The first is human sensors. Imagine, for example, that you have elderly parents, and you don’t live near them (which may very well be true). Would you want the peace of mind that could come with knowing more about their whereabouts at any given time? Wouldn’t you wish to know if, one day, they failed to get out of bed? For example, there is a British insurance company, Norwich Union, which is offering black boxes for automobiles. Would you accept one if your elderly parents’ driving could be monitored?
What if you’ve got teenagers? Would you accept a sensor to monitor whether they went to school or work? Would you leap at the chance to get a black box in the car they drive so as to enhance their safety? And, not coincidentally, reduce your liability rates?
Now, what about you? Would you allow such sensors to be tracking and tagging you?
The audience’s answers were understandable — they’d accept a sensor to assure more peace of mind and, hopefully, more security for their aging parents. And they would tag their children with sensors if it meant enhanced safety and reduced premiums. As for themselves, they were more reluctant to volunteer, but the promise of a reduction in auto insurance rates made the offer more tempting to some.
Essentially, we are willing to impose this technology on the people we’re responsible for. And, when the time comes, the younger generation may very well impose it upon us. By that time, if we have been monitoring them, they will see it as normal, and a longstanding tradition of privacy, which goes back to the Bible, could be wiped out in a generation or two.

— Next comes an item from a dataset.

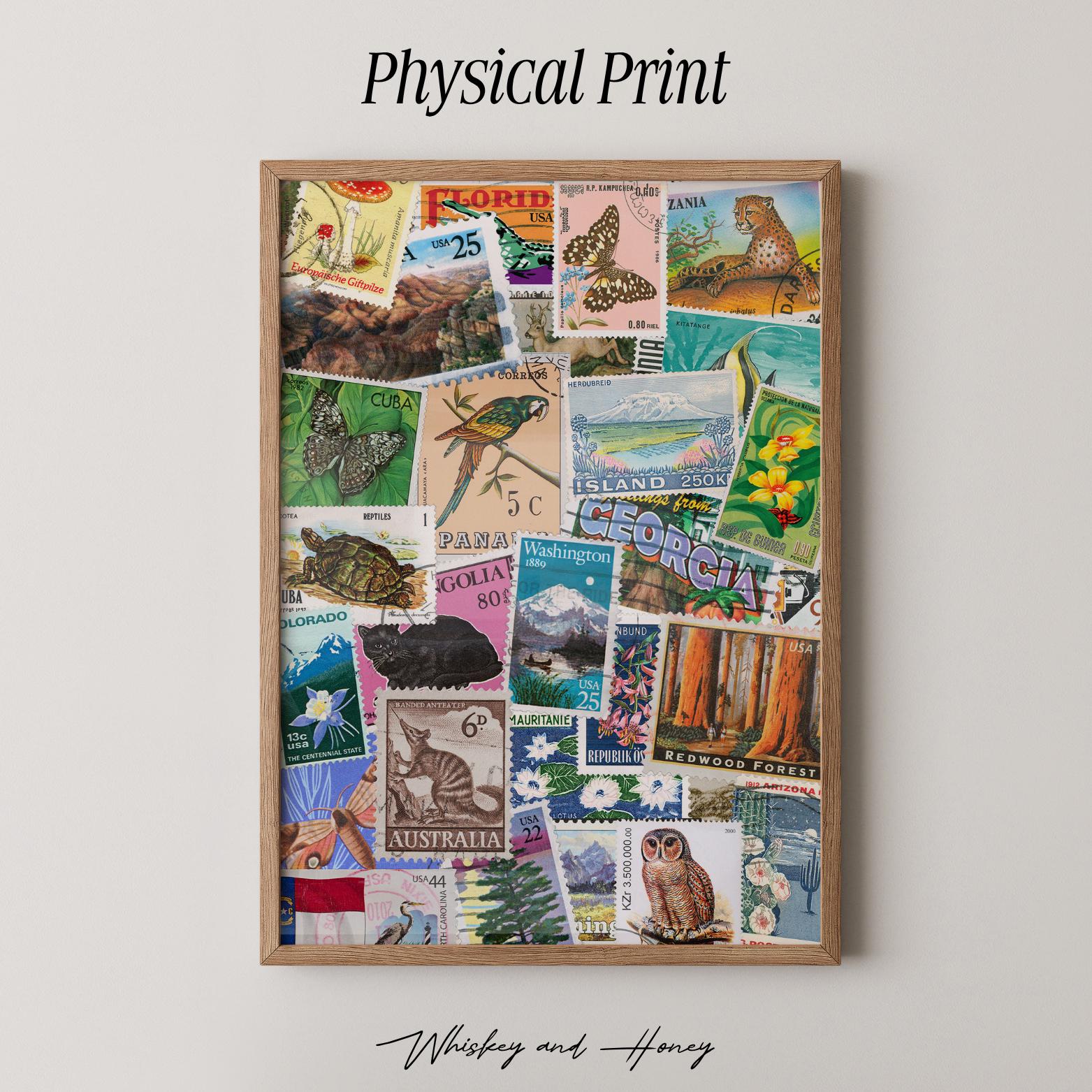 ヴィンテージスタンプアートプリント | ミッドセンチュリーモダン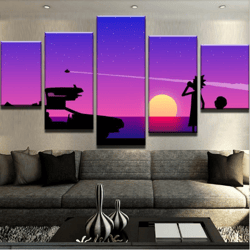 back to the future abstract movie cartoon 5 pieces canvas wall art, large framed 5 panel canvas wall art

But there’s more. Sense Networks is a company which analyzes cel phone data and aggregates people into tribes based upon their behaviors. For example, there might be a group which regularly goes to a nightclub or restaurant, so the marketing possibilities leap out. However, there is some misinterpretation of the data (or at least the data does not necessarily lend itself to easy observations) — that nightspot visited at 2 AM every night by one tribe might be a hospital. Are they doctors? Patients? Visitors? Brawlers? It’s hard to determine that without context.
Jeopardy! is particularly challenging because the questions are often multipartite and rather convoluted. Watson, like any human contestant, would be expected to parse what seem to be unrelated pieces of information and synthesize them into a whole. Here’s a somewhat more straightforward clue (it’s the Clue of the Day from June 22, 2010): the category is 12-letter words: an archaeologist who specializes in the land of the pharaohs and its artifacts. If Watson (or any other contestant) spots the key words (in this case, they’re archaeologist and pharaohs), the answer comes fairly readily: egyptologist.
But Watson doesn’t always get that, and can have trouble making linkages. Human language, which was the real subject being covered, has elements that are huge stumbling blocks for computers, namely, the aforementioned context and intonation.
A typical sentence might be: I didn’t say she stole my money. This simple seven-word sentence has seven possible meanings and they are solely based upon intonation:
- I didn’t say she stole my money. – It wasn’t me who said it, it was him.
- I didn’t say she stole my money. – A denial.
- I didn’t say she stole my money. – I wrote it down.
- I didn’t say she stole my money. – It was her brother.
- I didn’t say she stole my money. – She just borrowed it.
- I didn’t say she stole my money. – It was your money.
- I didn’t say she stole my money. – It was my car.
We understand this things readily. Watson, on the other hand, has a lot of trouble. As data consumers, we need to figure out how to get value from sensors, and Watson the computer needs to figure out how to get value from the nuances of language.
Finally, what do we humans need to know, as the computers that surround us become smarter and smarter, and store more and more material? Our personal internal question must be: how can we best optimize the torrent of data that is swirling about our ears?
I’ve got his book on my Amazon wish list now.